Antes, quando Guterres pediu a demissão e Sampaio dissolveu a Assembleia, a justificação foi clara e teve o apoio unânime dos partidos representados na Assembleia, nada a dizer institucionalmente.
Quando Durão Barroso achou por bem não cumprir a sua parte do contrato que estabeleceu com os eleitores, abandonando o cargo de primeiro-ministro porque queria ser presidente da Comissão Europeia, o contexto foi bem diferente, havendo uma maioria estável no parlamento que era contra a dissolução.
Note-se que em democracias bem mais sólidas, mudar um primeiro-ministro sem eleições não é um drama por aí além, foi assim, por exemplo, que Margaret Thatcher ou Theresa May deixaram de ser chefes do governo do Reino Unido, na sequência de congressos partidários em que o chefe do partido mudou.
É fácil perceber porquê: a legitimidade do poder do governo está no parlamento.
As justificações de que à posteriori os factos deram razão a Sampaio são completamente irrelevantes para a questão institucional mas, ainda assim, nem essas justificações são verdadeiras: cerca de 10% do eleitorado mudou o seu voto nos dois principais partidos e o governo de Sócrates foi muito pior e perigoso para o país que o de Santana Lopes, culminando num pedido de assistência externa.
O relevante, no entanto, não são estas questões pragmáticas mas as questões de princípio.
"Ao contrário do que às vezes é propalado, as eleições legislativas não visam eleger um primeiro-ministro ou um governo. Servem para escolher os deputados, que por sua vez irão decidir qual o governo que terá o apoio (ou, no mínimo, a tolerância) parlamentar. ... Nesta equação, o Presidente da República tem um papel importante, pois cabe-lhe, segundo a Constituição, nomear o primeiro-ministro de acordo com os resultados eleitorais ... mas a relação fundamental é entre a Assembleia da República e o governo de Portugal" (Governo de Portugal, Pedro Silveira, pág 80).

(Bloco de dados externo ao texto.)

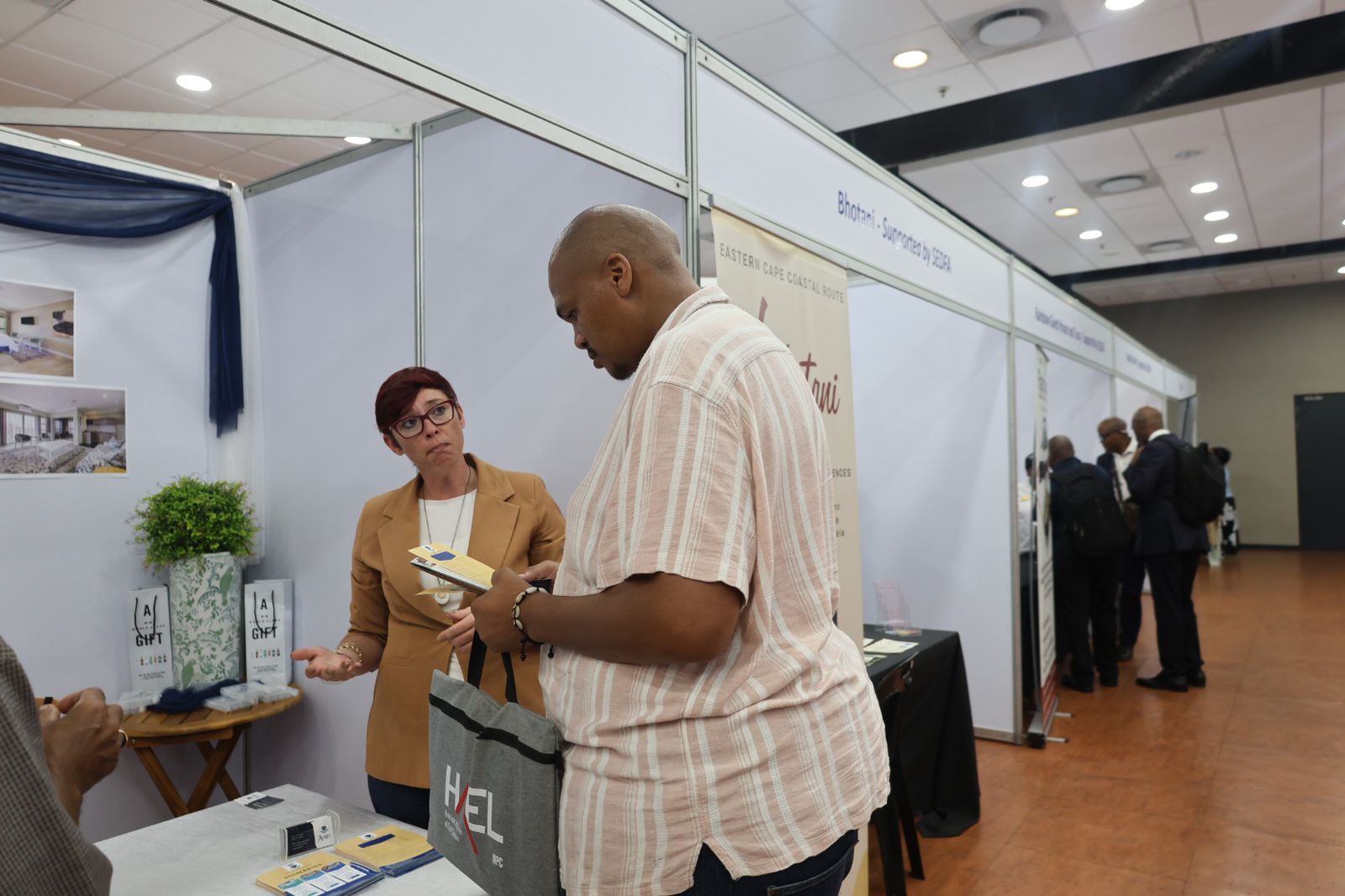 Delegate engaging with an exhibitor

Sampaio resolveu, de acordo com o poder discricionário que a constituição lhe dá, dissolver a Assembleia da República, mas é completamente terceiro-mundista fazê-lo sem que o justifique, tornando uma prerrogativa numa prepotência.

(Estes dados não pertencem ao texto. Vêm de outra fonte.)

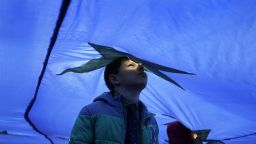 A child peers through a wind vent in a huge European Union flag during a March 25 event marking 60 years since the founding of the alliance.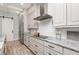 Elegant kitchen displays custom cabinets, granite countertops, stainless steel appliances, and modern tile backsplash at 2536 Brookshire Ave, Winter Park, FL 32792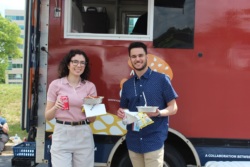 Photo of couple in front of food truck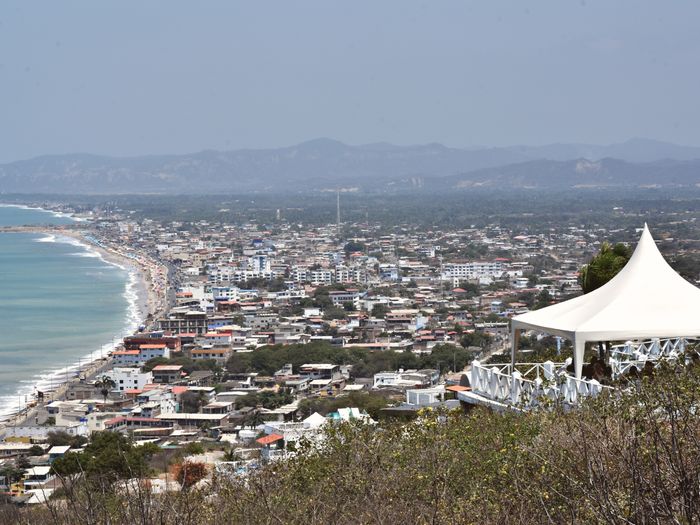 A panoramic view of the bustling coastal city of Manta, Ecuador, from a hilltop vantage point.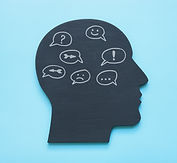 Head shape with speech bubbles representing dissociation and internal family systems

Dizer "refiro-me a sucessivos incidentes e declarações, contradições e descoordenações que contribuíram para o desprestígio do governo, dos seus membros e das instituições em geral. Dispenso-me de os mencionar um a um, pois são do conhecimento do país" é completamente absurdo e só se justifica porque Sampaio sabia que invocar a demissão de um ministro, e coisas deste tipo, seria inaceitável.
De resto, bastaria fazer notar o seu silêncio perante a primeira preocupação do novo governo saído das eleições (manipular as instituições do Estado, incluindo o Banco de Portugal, para criar um valor fantasioso do défice, 6,83%, que lhe permitisse aumentar o défice dizendo que o estava a baixar), ou a sua indiferença perante a demissão do novo ministro das finanças, ao fim de menos de cinco meses, por razões políticas de fundo (discordância face à opção de gestão das finanças públicas que nos levaram ao pedido de assistência externa), para ter a certeza de que a verdadeira razão de Sampaio foi o que disse, anos mais tarde "estava farto do Santana".
Que tudo isto se tenha passado e, ainda assim, sejamos muito poucos os que olham para esta triste história como um bom exemplo da nossa fragilidade institucional, que nos torna presa fácil de demagogos e populistas, não deixa de me espantar, o que é o menos.
O problema é que esta fragilidade institucional nos deixa quase indefesos, como sociedade, face à possibilidade de cometermos os mesmos erros.